RECORDS PROVIDED =>

☆ ☆ ☆ ☆

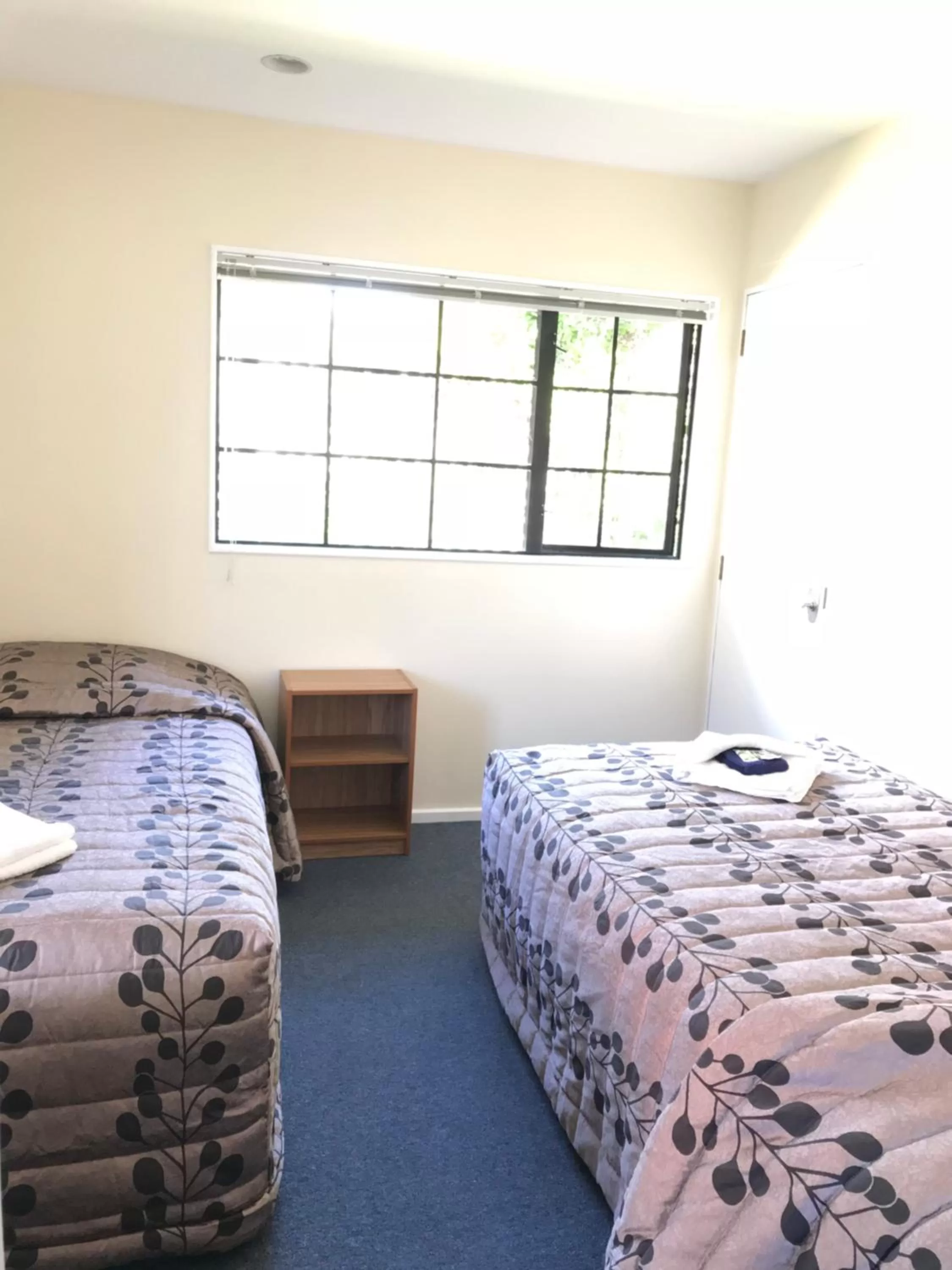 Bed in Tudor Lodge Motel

☆ ☆ ☆ ☆

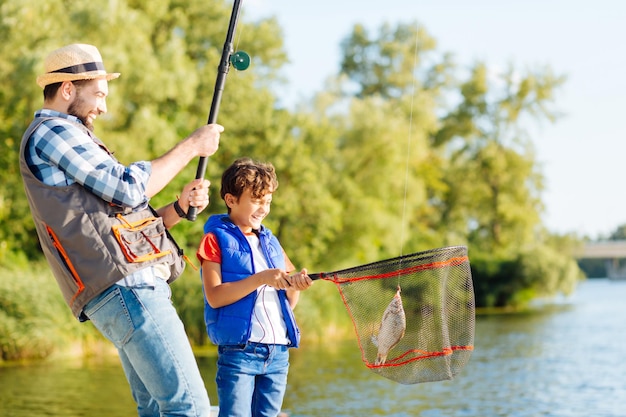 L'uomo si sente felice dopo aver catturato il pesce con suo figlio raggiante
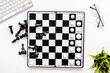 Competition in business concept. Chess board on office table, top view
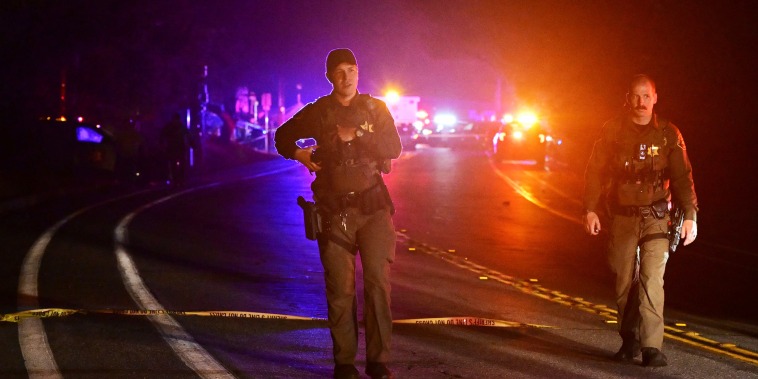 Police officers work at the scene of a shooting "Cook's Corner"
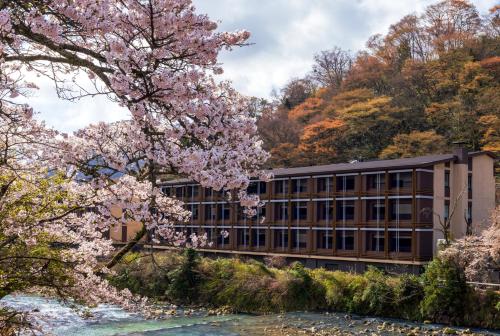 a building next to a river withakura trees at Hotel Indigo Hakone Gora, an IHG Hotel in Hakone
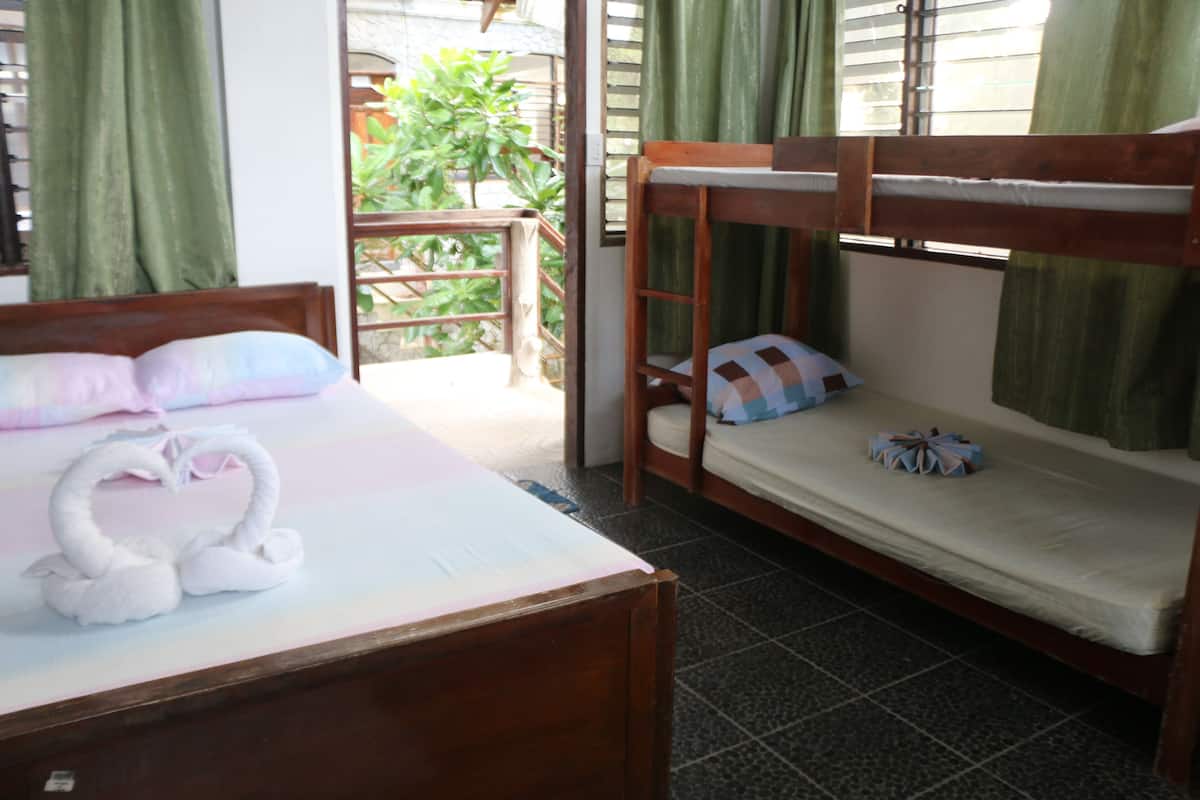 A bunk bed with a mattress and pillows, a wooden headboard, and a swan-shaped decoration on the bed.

☆ ☆ ☆ ☆

INSTRUCTIONS TO FOLLOW => In the data above, retype only the stretch from the line with "Competition in business" through the line with "A bunk bed with", word for word, and skip any pictures.

OUTPUT OF THE TASK =>
 Competition in business concept. Chess board on office table, top view
 Police officers work at the scene of a shooting "Cook's Corner"
 a building next to a river withakura trees at Hotel Indigo Hakone Gora, an IHG Hotel in Hakone
 A bunk bed with a mattress and pillows, a wooden headboard, and a swan-shaped decoration on the bed.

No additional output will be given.